* _EXERCISE INSTRUCTIONS_
Leaving pictures aside, set down each line exactly, from the first line of the data to the line with "PHILLUMENY, SKITTLES, BOULDENS", both included.

* _Image-caption web data_
>>>
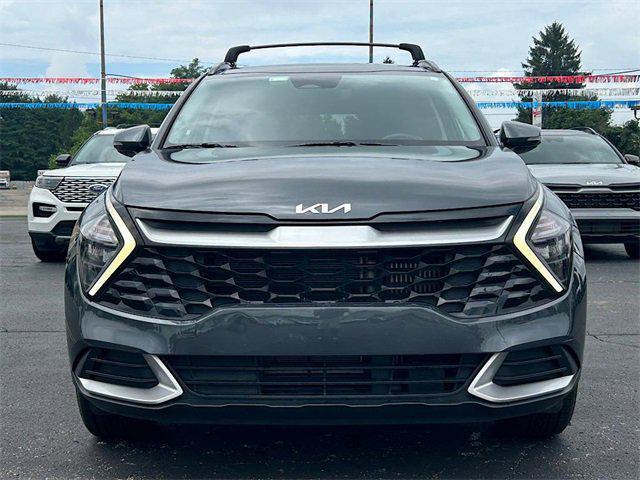 used 2023 Kia Sportage Hybrid car, priced at $25,101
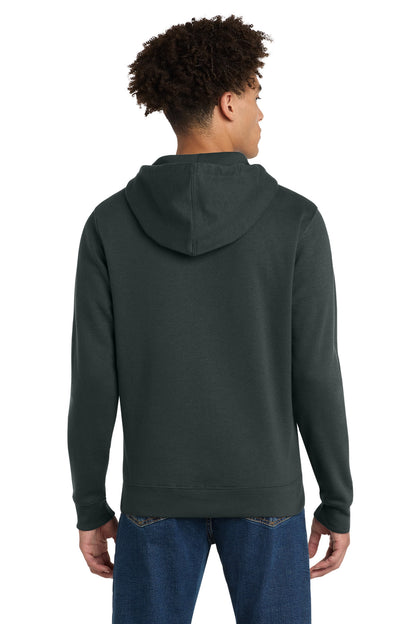 District VITFleece Full-Zip Hoodie DT6102 Charcoal
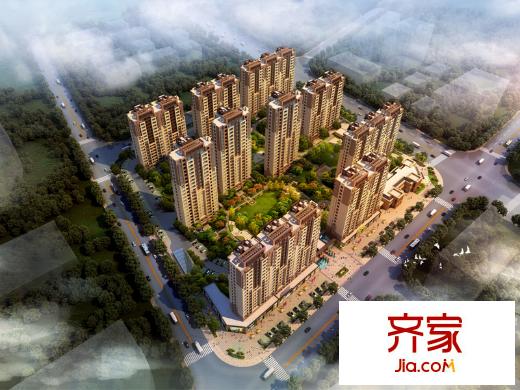 萬(wàn)科公園里外景圖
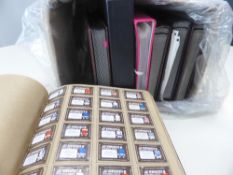 PHILLUMENY, SKITTLES, BOULDENS LARGE COLLECTION OF MATCH BOX LABELS IN 7 ALBUMS Wonderful collection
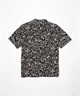 VOLCOM ボルコム 半袖 シャツ メンズ 総柄 ボクシーフィット Filip Rygalski Shirt A0412506(BLK-M)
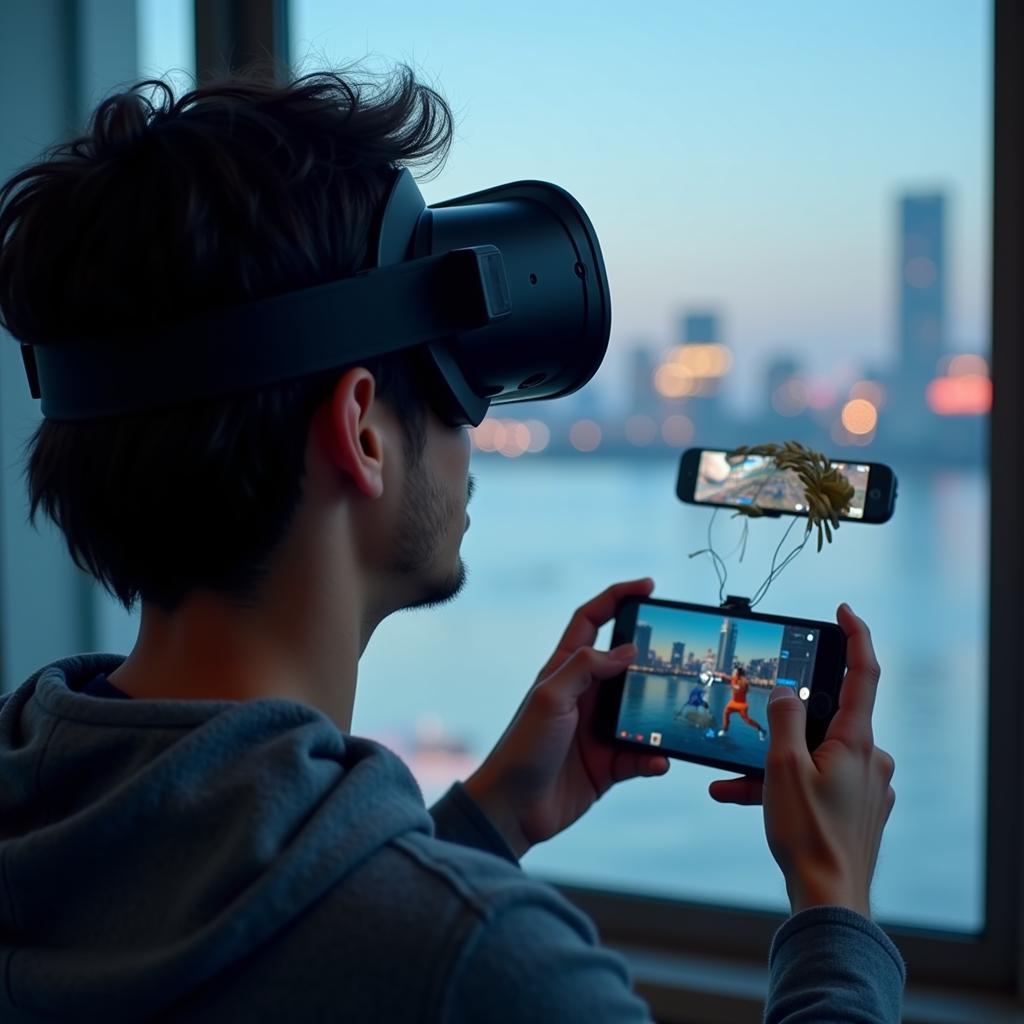 VR and AR Transforming Mobile Gaming Experience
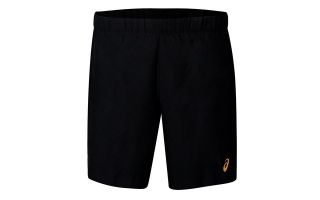 ASICS PANTALON CORTO ICON NEGRO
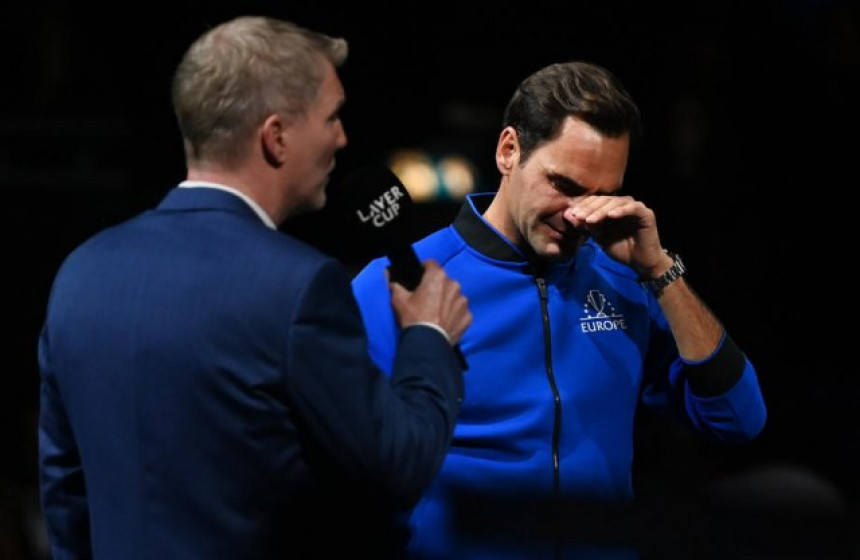 Rodžer Federer o završenoj karijeri: Izgubio sam sve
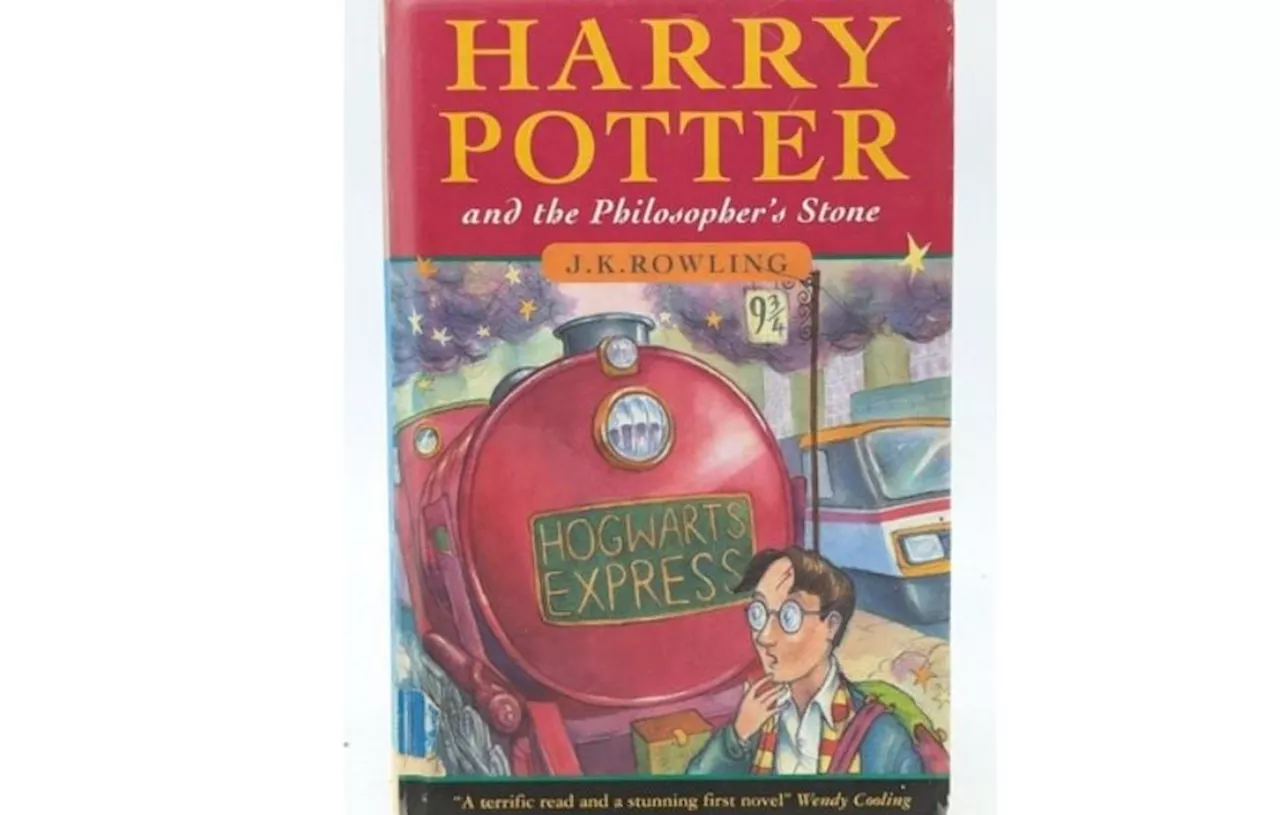 Première édition d'Harry Potter retrouvée dans une poubelle et vendue 25 200 euros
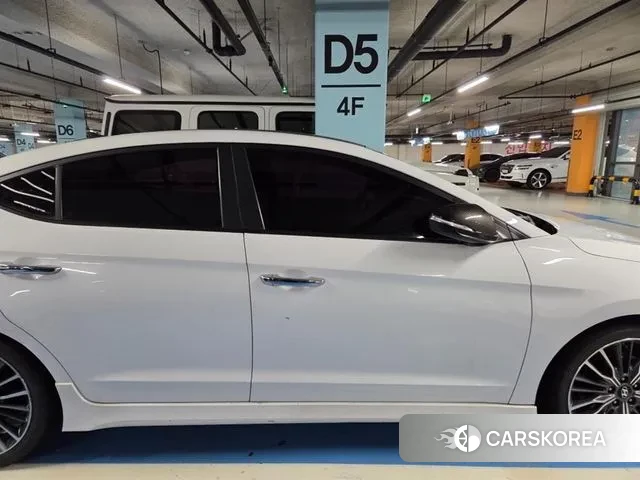 Hyundai Avante AD id 3244017 из Кореи 16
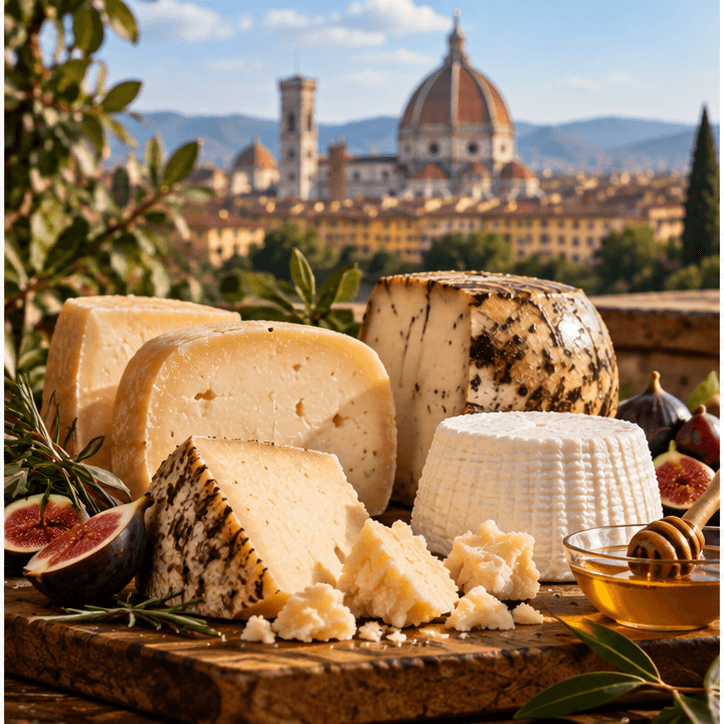 pecorino shop in florence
<<<
* _EXERCISE RESULT_
 used 2023 Kia Sportage Hybrid car, priced at $25,101
 District VITFleece Full-Zip Hoodie DT6102 Charcoal
 萬(wàn)科公園里外景圖
 PHILLUMENY, SKITTLES, BOULDENS LARGE COLLECTION OF MATCH BOX LABELS IN 7 ALBUMS Wonderful collection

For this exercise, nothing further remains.